Another attacker detonated a suicide bomb on Boulevard Voltaire, near the music hall, the prosecutor’s office said.

Video shot posted by newspaper Le Monde Saturday captured some of that horror as dozens of people fled from gunfire outside the Bataclan down a passageway to a side street.

At least one person lies writhing on the ground as scores more stream past, some bloodied or limping. The camera pans down the street to reveal more fleeing people dragging two bodies along the ground. A woman and two others can be seen clinging to upper-floor balcony railings in an apparent desperate bid to stay out of the line of fire.

Le Monde said its reporter Daniel Psenney filed the scene from his apartment balcony, and was shot in the arm when he went downstairs to help someone who had collapsed.

A tall, sturdy 38-year-old concert-goer named Sylvain collapsed in tears as he recounted the attack, the chaos and his escape during a lull in gunfire.

“First I heard explosions, and I thought it was firecrackers,” he said.

“Very soon I smelled powder, and I understood what was happening. There were shots everywhere, in waves. I lay down on the floor. I saw at least two shooters, but I heard others talk. They cried, ‘It’s Hollande’s fault.’ I heard one of the shooters shout, ‘Allahu Akbar,’” Sylvain told The Associated Press. He spoke on condition that his full name not be used out of concern for his safety.

The Paris carnage was the worst in a series of attacks claimed by ISIS in the past three days. On Thursday, twin suicide bombings in Beirut killed at least 43 people and wounded more than 200, and 26 people died Friday in Baghdad in a suicide blast and a roadside bombing that targeted Shiites.
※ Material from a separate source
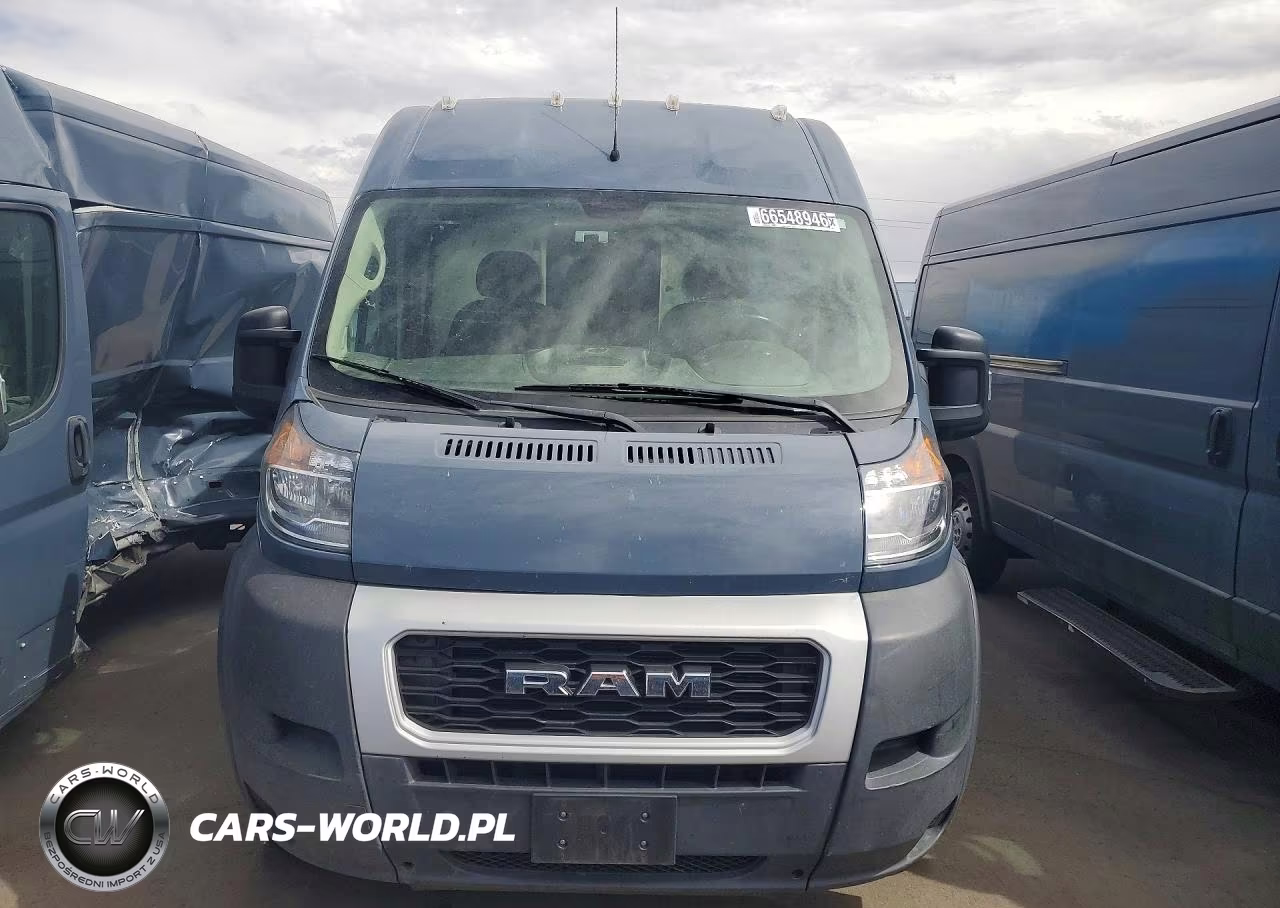 2020 Ram Promaster 3500 3500 High VIN:3C6URVJG2LE136570 - 5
The militant group also said it bombed a Russian plane that crashed in Egypt’s Sinai Peninsula on Oct. 31, killing 224 people.

ISIS also suffered significant reversals this week, with Kurdish forces launching an offensive to retake the strategic Iraqi city of Sinjar and the U.S. military saying it had likely killed Mohammed Emwazi, the masked British-accented militant known as “Jihadi John” who is seen in grisly ISIS beheading videos.

France has been on edge since January, when Islamic extremists attacked the satirical newspaper Charlie Hebdo, which had run cartoons of the Prophet Muhammad, and a kosher grocery. Twenty people died in those attacks, including three shooters.

French authorities are particularly concerned about the threat from hundreds of French Islamic radicals who have traveled to Syria and returned home with skills to mount attacks.

“The big question on everyone’s mind is: Were these attackers—if they turn out to be connected to one of the groups in Syria—were they homegrown terrorists or were they returning fighters?” said Brian Michael Jenkins, a terrorism expert and senior adviser to the president of the Washington-based RAND Corporation.